Dreyfus était juif et alsacien (à l’époque allemand). Or, à cette époque, être juif, c’est un peu être allemand, mais en pire. Pour une sombre histoire de bordereau retrouvé dans une corbeille à papier, on l’accuse d’avoir espionné pour le compte de l’Allemagne. Dreyfus est condamné fin 1894, Zola intervient début 1898, Dreyfus est envoyé au bagne de Guyane, des années avant qu’Albert Londres n’en réclame et n’en obtienne l’abolition, libéré en 1899, mais seulement réhabilité en 1906. C’est une histoire incroyable, où les innocents sont systématiquement condamnés, où les coupables sont en permanence acquittés, mais où des années après la populace continue à regretter qu’on n’ait pas fusillé Dreyfus, ce qui aurait permis d’oublier et de poser un mouchoir pudique sur la chose, comme quoi le bagne a parfois du bon…enfin pas vraiment….En revanche, c’est la preuve qu’il faut toujours, à toutes les époques, passées ou présentes, condamner la peine de mort. On ne peut comprendre la virulence de l’antisémitisme de l’époque si l’on oublie que l’Affaire éclate quarante-cinq ans avant la Seconde Guerre Mondiale. C’était une époque sans tabou où les réactionnaires de tous bords ainsi que les gens de gauche pouvaient étaler leur antisémitisme viscéral et socialement admis sur la place publique. Ne pas être antisémite à l’époque relevait malheureusement de « l’exception » ou presque. Ainsi Zola dans L’Argent : « Il y avait là, en un groupe tumultueux, toute une juiverie malpropre, de grasses faces luisantes, des profils desséchés d’oiseaux voraces, une extraordinaire réunion de nez typiques, rapprochés les uns des autres, ainsi que sur une proie, s’acharnant au milieu de cris gutturaux, et comme prêts de se dévorer entre eux. » Pour une phrase comme celle-là, et il y en a beaucoup d’autres dans son oeuvre, Zola se prenait un procès en incitation à la haine raciale à notre époque, et aussi une remontrance du Ministère de la Culture. Ce que montre Zola, c’est que la recherche de la vérité ne s’embarrasse d’aucune idéologie, quand on est juif ou arabe ou « français », on n’est pas a priori coupable ou innocent, on est soit l’un soit l’autre, soit parfois les deux, après que les faits, et tous les faits aient été exposés, et que la vérité, toute la vérité ait été dite. Rien d’autre.

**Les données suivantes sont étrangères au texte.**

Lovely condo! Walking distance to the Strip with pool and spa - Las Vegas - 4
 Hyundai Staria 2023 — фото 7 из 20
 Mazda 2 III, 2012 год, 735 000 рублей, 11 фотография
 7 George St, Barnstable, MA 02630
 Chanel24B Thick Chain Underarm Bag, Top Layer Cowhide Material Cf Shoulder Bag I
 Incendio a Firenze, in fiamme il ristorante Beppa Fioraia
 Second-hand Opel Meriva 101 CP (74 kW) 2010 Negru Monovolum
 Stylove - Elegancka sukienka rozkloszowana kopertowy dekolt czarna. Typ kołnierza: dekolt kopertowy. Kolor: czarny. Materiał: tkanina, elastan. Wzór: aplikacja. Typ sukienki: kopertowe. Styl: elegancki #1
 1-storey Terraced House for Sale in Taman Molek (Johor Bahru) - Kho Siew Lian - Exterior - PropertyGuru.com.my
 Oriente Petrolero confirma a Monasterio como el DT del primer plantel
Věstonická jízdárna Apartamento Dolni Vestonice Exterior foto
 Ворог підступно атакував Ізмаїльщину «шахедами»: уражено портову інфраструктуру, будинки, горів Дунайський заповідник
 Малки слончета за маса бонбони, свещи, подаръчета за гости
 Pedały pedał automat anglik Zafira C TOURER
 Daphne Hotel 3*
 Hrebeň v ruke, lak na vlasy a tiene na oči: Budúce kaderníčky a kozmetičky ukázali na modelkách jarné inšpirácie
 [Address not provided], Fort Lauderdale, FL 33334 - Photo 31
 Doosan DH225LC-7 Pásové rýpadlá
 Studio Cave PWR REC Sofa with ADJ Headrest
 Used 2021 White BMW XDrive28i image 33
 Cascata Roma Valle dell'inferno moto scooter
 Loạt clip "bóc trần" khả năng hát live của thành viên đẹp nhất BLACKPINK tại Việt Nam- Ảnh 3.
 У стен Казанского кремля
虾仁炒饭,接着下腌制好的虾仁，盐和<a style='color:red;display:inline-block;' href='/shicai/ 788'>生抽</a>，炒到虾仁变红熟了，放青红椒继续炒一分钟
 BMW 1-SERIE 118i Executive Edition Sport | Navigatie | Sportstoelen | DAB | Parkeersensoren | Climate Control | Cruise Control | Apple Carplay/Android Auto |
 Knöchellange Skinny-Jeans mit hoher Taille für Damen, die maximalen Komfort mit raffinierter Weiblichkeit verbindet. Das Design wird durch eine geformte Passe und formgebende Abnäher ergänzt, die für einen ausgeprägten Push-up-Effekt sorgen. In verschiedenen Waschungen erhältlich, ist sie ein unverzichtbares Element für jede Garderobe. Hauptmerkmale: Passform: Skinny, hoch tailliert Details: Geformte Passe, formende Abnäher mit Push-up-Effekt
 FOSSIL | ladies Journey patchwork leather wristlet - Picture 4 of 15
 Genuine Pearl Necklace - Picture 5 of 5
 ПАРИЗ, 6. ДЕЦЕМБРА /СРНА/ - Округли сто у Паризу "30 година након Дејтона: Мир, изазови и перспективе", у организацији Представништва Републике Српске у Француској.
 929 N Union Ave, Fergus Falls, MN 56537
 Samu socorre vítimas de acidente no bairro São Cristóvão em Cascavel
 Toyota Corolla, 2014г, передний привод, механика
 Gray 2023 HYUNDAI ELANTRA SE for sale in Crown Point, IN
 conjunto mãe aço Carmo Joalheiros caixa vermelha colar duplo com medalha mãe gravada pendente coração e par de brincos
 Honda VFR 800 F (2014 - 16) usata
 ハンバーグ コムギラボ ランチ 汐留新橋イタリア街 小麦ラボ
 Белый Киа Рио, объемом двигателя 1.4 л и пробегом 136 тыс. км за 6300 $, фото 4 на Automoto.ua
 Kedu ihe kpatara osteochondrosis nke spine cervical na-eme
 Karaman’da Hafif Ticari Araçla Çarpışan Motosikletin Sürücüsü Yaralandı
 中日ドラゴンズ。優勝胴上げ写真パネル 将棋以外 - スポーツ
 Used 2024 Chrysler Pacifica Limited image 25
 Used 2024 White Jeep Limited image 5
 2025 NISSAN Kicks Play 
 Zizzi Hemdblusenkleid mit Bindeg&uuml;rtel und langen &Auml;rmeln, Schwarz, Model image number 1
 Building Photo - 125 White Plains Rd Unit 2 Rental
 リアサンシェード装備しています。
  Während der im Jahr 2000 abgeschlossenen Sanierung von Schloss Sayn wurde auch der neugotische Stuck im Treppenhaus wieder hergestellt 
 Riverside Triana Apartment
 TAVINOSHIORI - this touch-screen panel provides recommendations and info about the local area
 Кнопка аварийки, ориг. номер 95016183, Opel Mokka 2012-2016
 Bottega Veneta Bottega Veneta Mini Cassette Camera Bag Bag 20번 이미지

Donc, aux Editions de Londres, on n’est pas seulement épris de justice, on est très, très Dreyfusard, mais on admire aussi Zola et Céline, et on demande à la République de se mêler un peu moins de ce qui ne la regarde pas, c’est-à-dire donner des petites médailles en fer blanc aux écrivains qui ont bien travaillé, et un peu plus de ce qui la regarde, essayer d’avoir des procès justes, et des élites, politiques, militaires, ou financières un peu moins en collusion, que ce soit au nom de la raison d’Etat, vaste plaisanterie permettant tous les abus, ou au nom de l’argent et des relations.